Across these entries, count the lines holding the string "Wooden"; the number is the whole answer.

Content starts

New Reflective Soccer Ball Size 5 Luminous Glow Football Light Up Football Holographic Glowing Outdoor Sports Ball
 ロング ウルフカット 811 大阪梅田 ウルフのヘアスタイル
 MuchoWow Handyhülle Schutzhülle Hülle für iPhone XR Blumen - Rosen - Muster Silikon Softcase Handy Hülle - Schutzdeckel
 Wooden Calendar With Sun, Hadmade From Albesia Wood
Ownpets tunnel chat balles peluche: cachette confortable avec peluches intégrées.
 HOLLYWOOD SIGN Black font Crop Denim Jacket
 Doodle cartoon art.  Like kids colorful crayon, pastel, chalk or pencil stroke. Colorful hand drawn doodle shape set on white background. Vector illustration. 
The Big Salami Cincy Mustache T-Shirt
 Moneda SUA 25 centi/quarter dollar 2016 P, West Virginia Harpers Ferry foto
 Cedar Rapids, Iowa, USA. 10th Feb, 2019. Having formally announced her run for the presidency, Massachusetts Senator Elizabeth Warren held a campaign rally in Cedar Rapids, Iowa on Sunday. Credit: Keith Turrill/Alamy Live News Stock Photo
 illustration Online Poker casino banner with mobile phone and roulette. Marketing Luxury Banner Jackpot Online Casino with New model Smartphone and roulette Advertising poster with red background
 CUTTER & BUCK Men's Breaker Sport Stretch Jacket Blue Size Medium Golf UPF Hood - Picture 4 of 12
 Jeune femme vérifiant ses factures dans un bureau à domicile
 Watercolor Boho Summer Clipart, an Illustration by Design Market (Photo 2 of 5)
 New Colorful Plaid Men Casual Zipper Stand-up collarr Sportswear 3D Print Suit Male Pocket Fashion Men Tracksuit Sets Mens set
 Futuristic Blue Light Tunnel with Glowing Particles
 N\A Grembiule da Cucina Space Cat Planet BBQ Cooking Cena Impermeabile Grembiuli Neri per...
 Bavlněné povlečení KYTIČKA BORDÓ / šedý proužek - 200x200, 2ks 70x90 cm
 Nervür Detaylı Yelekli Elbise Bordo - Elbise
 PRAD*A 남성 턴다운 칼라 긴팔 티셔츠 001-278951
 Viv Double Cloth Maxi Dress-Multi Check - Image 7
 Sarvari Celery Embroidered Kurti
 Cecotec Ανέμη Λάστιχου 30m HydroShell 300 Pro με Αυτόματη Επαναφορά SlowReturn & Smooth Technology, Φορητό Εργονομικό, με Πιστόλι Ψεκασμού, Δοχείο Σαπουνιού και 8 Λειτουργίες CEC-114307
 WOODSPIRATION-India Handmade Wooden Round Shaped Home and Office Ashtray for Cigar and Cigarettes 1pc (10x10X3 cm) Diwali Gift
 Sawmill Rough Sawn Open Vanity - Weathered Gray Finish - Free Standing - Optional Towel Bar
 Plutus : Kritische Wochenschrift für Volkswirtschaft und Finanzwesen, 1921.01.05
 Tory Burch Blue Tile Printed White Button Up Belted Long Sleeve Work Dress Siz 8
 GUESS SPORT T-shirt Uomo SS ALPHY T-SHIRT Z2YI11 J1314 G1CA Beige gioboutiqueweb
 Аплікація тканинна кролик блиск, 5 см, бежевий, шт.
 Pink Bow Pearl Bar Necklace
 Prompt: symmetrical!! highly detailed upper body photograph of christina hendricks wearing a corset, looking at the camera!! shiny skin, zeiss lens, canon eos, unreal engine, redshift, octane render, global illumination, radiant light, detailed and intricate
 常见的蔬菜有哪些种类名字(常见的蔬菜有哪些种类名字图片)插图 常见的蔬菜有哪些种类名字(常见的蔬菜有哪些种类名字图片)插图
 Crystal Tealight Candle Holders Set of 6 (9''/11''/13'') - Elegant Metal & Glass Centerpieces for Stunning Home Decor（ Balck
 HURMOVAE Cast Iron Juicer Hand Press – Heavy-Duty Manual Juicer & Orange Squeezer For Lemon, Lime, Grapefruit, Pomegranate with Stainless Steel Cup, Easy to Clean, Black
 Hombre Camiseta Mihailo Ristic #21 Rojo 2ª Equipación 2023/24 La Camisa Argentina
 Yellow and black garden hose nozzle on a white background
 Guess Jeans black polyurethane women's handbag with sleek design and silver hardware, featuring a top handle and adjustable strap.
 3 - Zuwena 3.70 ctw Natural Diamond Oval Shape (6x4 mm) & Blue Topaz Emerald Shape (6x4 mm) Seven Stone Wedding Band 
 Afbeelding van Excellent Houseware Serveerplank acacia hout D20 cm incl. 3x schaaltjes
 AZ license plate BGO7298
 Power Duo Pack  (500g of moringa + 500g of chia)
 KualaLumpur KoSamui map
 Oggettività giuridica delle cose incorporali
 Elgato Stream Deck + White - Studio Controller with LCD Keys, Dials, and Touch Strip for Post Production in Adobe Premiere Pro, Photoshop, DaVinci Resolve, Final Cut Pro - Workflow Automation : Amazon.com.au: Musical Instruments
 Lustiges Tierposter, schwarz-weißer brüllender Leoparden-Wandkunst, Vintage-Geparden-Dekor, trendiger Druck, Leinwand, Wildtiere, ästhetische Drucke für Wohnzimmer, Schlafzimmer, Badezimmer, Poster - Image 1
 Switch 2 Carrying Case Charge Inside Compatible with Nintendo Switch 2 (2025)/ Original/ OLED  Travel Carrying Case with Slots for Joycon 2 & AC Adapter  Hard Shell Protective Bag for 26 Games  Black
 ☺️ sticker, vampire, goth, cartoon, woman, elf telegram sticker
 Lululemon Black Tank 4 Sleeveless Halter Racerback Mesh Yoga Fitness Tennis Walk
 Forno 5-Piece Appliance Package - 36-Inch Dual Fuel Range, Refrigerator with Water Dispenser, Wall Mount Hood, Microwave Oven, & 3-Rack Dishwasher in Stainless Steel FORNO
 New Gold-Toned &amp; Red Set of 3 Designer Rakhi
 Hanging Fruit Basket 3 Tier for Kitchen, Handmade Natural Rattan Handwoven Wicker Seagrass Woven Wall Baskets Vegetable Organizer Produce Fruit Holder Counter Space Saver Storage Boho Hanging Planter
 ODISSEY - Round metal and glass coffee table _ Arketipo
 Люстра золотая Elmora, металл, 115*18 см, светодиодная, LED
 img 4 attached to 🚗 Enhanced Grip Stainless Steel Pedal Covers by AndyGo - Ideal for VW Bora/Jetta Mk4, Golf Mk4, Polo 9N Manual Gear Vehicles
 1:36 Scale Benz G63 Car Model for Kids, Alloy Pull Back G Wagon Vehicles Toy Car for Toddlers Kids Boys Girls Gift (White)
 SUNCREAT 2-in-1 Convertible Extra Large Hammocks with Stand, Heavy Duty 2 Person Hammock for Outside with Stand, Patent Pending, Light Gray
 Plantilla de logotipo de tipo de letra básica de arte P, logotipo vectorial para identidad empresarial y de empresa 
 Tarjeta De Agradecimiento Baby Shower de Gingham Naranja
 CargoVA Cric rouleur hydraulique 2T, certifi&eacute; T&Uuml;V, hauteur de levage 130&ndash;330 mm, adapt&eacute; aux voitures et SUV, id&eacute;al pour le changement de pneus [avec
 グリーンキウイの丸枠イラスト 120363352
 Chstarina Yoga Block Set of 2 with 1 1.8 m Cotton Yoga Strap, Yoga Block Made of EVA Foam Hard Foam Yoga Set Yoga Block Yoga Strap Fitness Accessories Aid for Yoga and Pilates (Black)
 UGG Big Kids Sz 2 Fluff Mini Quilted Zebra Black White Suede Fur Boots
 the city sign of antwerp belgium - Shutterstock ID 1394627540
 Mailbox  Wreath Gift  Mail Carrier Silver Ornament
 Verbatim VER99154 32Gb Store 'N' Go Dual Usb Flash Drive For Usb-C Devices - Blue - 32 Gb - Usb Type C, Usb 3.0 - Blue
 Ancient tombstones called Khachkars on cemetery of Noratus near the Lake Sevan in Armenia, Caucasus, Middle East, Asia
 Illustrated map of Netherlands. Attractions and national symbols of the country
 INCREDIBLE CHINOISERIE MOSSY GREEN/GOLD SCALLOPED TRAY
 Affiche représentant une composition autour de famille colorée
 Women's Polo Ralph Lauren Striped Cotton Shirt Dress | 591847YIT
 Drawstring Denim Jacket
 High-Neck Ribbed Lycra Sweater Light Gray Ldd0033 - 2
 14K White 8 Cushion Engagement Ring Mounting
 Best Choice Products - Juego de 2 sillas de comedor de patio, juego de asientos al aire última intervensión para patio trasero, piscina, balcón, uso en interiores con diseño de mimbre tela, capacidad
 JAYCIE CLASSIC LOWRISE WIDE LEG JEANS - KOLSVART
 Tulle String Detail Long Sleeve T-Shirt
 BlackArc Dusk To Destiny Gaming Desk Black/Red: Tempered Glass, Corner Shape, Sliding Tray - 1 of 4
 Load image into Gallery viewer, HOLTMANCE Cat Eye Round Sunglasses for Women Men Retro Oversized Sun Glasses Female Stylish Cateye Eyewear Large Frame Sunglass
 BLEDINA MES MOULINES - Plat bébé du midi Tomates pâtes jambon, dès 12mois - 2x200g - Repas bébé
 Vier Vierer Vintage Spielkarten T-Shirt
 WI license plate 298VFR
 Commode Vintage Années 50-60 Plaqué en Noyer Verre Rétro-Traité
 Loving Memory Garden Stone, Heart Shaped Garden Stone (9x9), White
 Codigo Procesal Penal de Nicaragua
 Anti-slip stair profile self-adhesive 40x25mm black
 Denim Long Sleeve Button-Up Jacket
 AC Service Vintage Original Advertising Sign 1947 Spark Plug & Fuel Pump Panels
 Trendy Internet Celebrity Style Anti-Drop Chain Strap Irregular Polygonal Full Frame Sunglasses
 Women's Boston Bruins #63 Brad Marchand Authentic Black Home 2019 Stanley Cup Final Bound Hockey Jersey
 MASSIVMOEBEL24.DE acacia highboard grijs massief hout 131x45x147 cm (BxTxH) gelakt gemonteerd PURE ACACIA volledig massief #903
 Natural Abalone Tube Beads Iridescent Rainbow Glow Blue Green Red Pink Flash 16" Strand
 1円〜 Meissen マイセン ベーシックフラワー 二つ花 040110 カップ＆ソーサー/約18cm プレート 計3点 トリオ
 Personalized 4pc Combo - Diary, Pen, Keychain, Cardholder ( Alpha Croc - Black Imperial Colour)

Content ends

→ **Exercise result**
2